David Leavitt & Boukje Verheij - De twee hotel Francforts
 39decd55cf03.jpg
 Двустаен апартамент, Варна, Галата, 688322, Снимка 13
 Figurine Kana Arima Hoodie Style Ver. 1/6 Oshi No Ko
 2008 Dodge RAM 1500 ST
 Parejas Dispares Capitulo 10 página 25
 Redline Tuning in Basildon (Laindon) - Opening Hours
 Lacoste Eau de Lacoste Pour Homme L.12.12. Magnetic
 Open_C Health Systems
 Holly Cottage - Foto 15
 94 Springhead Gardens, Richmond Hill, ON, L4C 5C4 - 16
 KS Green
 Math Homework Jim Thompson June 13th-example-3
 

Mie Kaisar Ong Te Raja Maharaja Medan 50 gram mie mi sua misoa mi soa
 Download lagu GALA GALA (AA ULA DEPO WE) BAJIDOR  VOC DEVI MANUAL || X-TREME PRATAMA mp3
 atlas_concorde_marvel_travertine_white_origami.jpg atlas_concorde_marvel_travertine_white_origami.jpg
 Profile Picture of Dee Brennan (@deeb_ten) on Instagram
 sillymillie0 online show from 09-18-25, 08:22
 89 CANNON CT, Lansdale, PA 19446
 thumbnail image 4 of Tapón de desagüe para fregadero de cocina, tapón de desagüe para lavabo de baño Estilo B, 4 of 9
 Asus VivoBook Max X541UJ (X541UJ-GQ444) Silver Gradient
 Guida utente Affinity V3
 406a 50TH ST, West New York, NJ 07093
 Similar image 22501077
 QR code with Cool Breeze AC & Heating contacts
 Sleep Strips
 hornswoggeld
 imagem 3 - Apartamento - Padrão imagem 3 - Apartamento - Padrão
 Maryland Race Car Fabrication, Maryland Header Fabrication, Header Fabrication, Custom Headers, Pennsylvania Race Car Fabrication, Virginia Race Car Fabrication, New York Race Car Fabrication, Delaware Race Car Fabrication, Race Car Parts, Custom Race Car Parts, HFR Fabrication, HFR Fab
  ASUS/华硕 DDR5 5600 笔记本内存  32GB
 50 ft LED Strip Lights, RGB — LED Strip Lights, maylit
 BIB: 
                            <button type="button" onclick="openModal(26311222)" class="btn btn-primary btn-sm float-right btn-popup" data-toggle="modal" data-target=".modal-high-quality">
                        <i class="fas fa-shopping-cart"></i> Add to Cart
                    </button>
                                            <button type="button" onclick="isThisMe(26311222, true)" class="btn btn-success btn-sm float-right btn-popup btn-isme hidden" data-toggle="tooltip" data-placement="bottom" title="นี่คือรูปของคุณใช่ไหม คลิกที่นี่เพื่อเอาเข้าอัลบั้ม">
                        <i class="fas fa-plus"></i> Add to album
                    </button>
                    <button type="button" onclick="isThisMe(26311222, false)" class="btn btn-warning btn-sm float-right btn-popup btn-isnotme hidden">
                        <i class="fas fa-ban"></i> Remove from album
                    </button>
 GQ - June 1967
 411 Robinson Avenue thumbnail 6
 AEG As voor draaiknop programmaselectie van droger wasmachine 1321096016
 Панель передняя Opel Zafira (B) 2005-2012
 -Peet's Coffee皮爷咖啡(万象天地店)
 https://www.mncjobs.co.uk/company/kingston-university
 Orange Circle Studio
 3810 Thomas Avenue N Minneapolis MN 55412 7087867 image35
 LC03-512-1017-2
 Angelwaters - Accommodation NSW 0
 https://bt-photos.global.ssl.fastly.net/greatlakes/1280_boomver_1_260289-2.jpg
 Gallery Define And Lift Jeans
◆ ◆ ◆ ◆ ◆
§ **Task**
Could you reproduce, exactly as written, the lines running from the one with "Angelwaters - Accommodation NSW 0" to the end of the entries above?

§ **Result for this exercise**
 Angelwaters - Accommodation NSW 0
 https://bt-photos.global.ssl.fastly.net/greatlakes/1280_boomver_1_260289-2.jpg
 Gallery Define And Lift Jeans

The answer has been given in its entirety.